Major civil disturbances in the United States should be of concern to the business community. The recent riots in Baltimore and elsewhere damaged hundreds of businesses. But the physical property damage caused by the riots likely will be dwarfed by the loss of revenue suffered by the retailers, hotels, restaurants, convention centers and corporations based in the city.
Maryland’s governor declared a state of emergency and imposed a mandatory week-long curfew that forced many businesses to close early. The Baltimore Orioles even hosted the first baseball game in history that was closed to fans after Camden Yards was shut down amid the unrest. Surrounding hotels, restaurants, bars and shops also lost revenue.
There is insurance coverage for these types of losses, however, which may be found in first-party property, business interruption, civil authority and extra expense insurance.
First-party property policies and possibly property policies of other entities (if the company is named as an additional insured) provide coverage for physical damage to a company’s property caused by a covered peril. For retailers, a property policy may also cover stolen merchandise.
Policyholders should look to business interruption insurance to cover loss of revenue caused by a cessation in operations or customers avoiding areas they consider unsafe. This type of loss often has a greater impact than actual physical damage to property. Business interruption and contingent business interruption coverage are designed to protect businesses from losses stemming from unavoidable interruptions in their daily operations.
Business interruption losses typically occur where the policyholder’s downturn in business is due to property damage at or near the policyholder’s own property. Contingent business interruption losses typically occur when the downturn is due to property damage at a customer’s or supplier’s property. For example, a policyholder may have a claim for lost orders from companies in Baltimore affected by the civil unrest. There is a misconception that your business must have property damage to have a business interruption loss. That is not true.
Order of Civil Authority
Civil authority coverage can apply even where the insured premises has not been physically damaged. It is triggered when an action or order of civil authority prohibits or restricts access to the insured premises. While this coverage still requires that a covered loss cause the direct physical loss or damage, that damage can occur away from the insured premises and the damaged property need not be owned by the policyholder. Normally the damage must occur within a certain distance of the policyholder’s operations. Some insurance policies provide this coverage without a waiting period or deductible.
Extra Expense Coverage
Companies that incur extra expenses to continue operations while the insured premises is being repaired or replaced may be insured under the extra expense coverage provided in most property policies. Typically, this coverage is afforded for costs incurred to reduce a covered loss of business income.

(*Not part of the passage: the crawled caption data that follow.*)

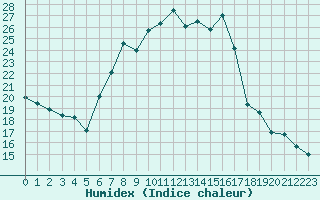 Courbe de l'humidex pour Oravita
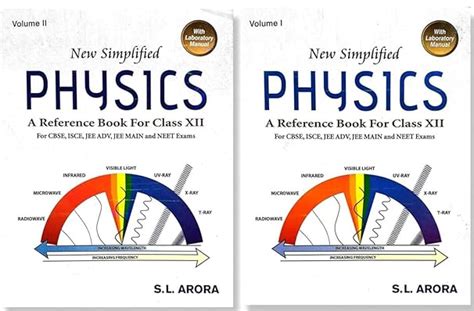 New Simplified Physics Reference Book for Class XII by S.L. Arora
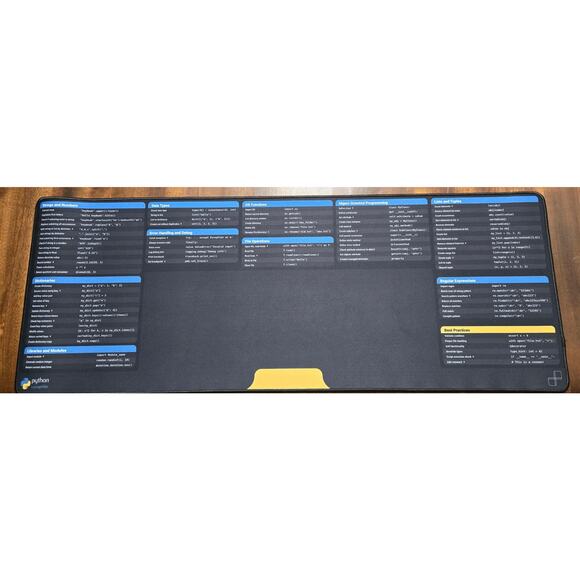 Python Cheat Sheet Desk Mat XL Keybeak Extended Mouse Pad Coding Keyboard Mat - Picture 5 of 5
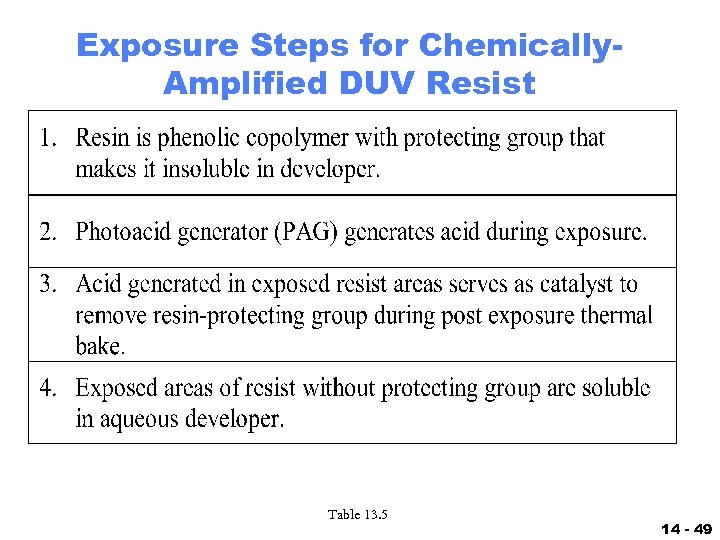 Exposure Steps for Chemically. Amplified DUV Resist Table 13. 5 14 - 49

Coverage Defenses to Watch For
Insurance companies sometimes deny a claim under civil authority coverage if access to the insured premises simply was rendered more difficult or inconvenient, instead of actually being prohibited by the order. Policyholders should reject this insurance company argument because it would effectively render civil authority coverage illusory. Coverage should apply so long as the order hindered or impaired business.
Insurance companies sometimes argue that business interruption coverage is not triggered unless there is a “complete and total” cessation of business. This can be devastating when a policyholder operates numerous business activities at a location and an insured peril affects only some of them. Another issue is the period during which lost income will be measured. Insurance companies typically argue that coverage is provided from the time of the executive order prohibiting or restricting access to property to the time a subsequent order is issued allowing reoccupation of the insured premises. The problem is that often a structure will not be fit for reoccupation at the time of the executive order allowing access to the property. Finally, insurance companies may argue that a policyholder’s recovery should be adjusted downward because business in the city was slow after the riots. This is known as the “wider effects” of the loss. If faced with this argument, review your policy language. If there is no provision explicitly granting the insurance company the benefit of the wider effects of the loss, then the insurance company is not entitled to such benefit.
How Policyholders Can Protect Themselves
Policyholders facing losses due to civil unrest should work diligently to identify potentially responsive insurance coverage. Keep good records to support your claim and give prompt notice of all claims under all potentially applicable policies. Make sure to give notice to both primary and excess level policies even if the loss is not presently expected to reach a certain claim threshold that would trigger excess layers of coverage. Take note of time-sensitive provisions regarding notice, proof of loss and suit limitations that could be at issue if the insurance company ends up denying coverage. If the insurance company is dilatory in paying the loss, do not hesitate to claim losses resulting from the insurance company’s delay.
The bottom line is that policyholders need to identify the coverage they already have that can be used, make a claim if the business is affected by a riot potentially covered by insurance, and then pursue that coverage aggressively.